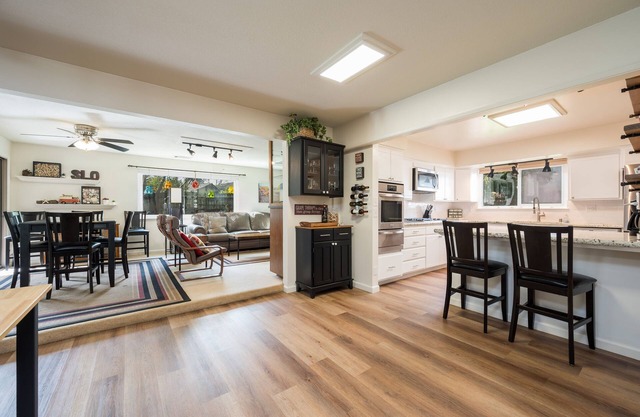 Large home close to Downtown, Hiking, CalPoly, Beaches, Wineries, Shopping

_____

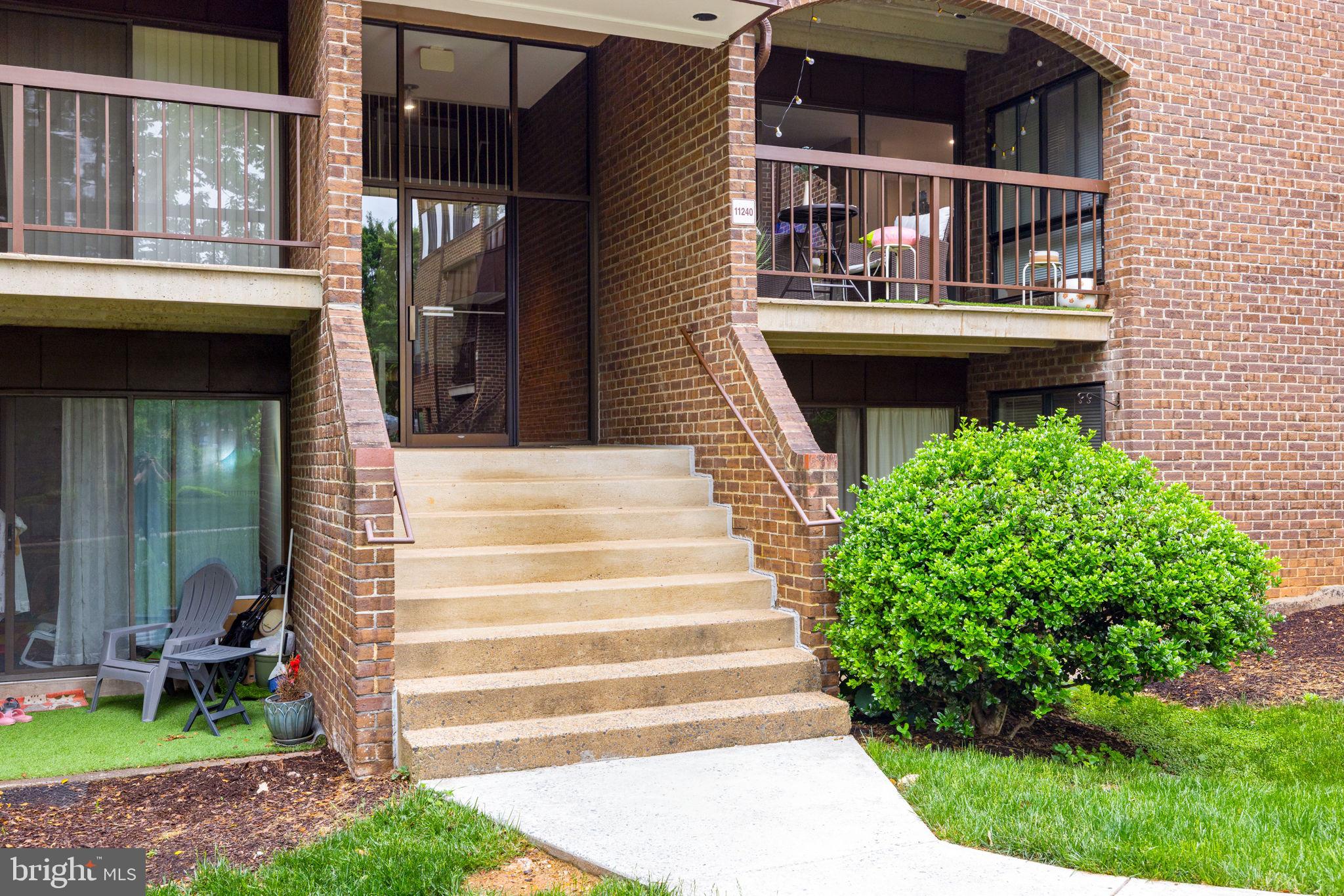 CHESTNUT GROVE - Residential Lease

_____

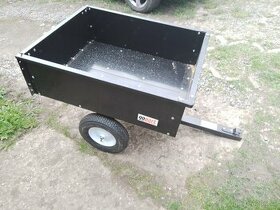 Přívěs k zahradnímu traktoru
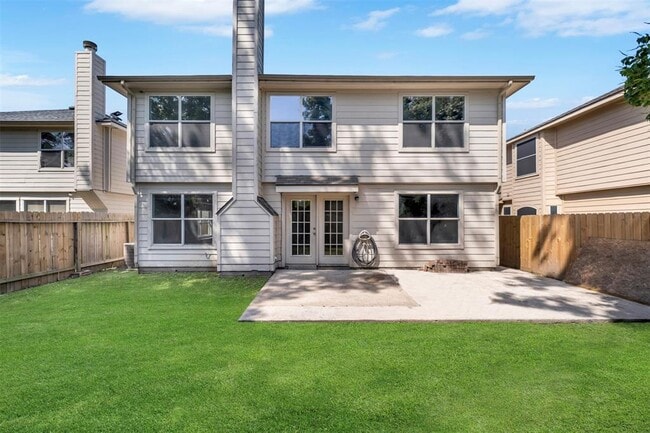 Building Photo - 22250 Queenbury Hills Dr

_____

(Problem statement):
Taking the records above, print only and exactly the lines from the line with "Přívěs k zahradnímu traktoru" to the line with "Building Photo - 22250 Queenbury Hills Dr", both kept, and exclude pictures.

(Your solution):
 Přívěs k zahradnímu traktoru
 Building Photo - 22250 Queenbury Hills Dr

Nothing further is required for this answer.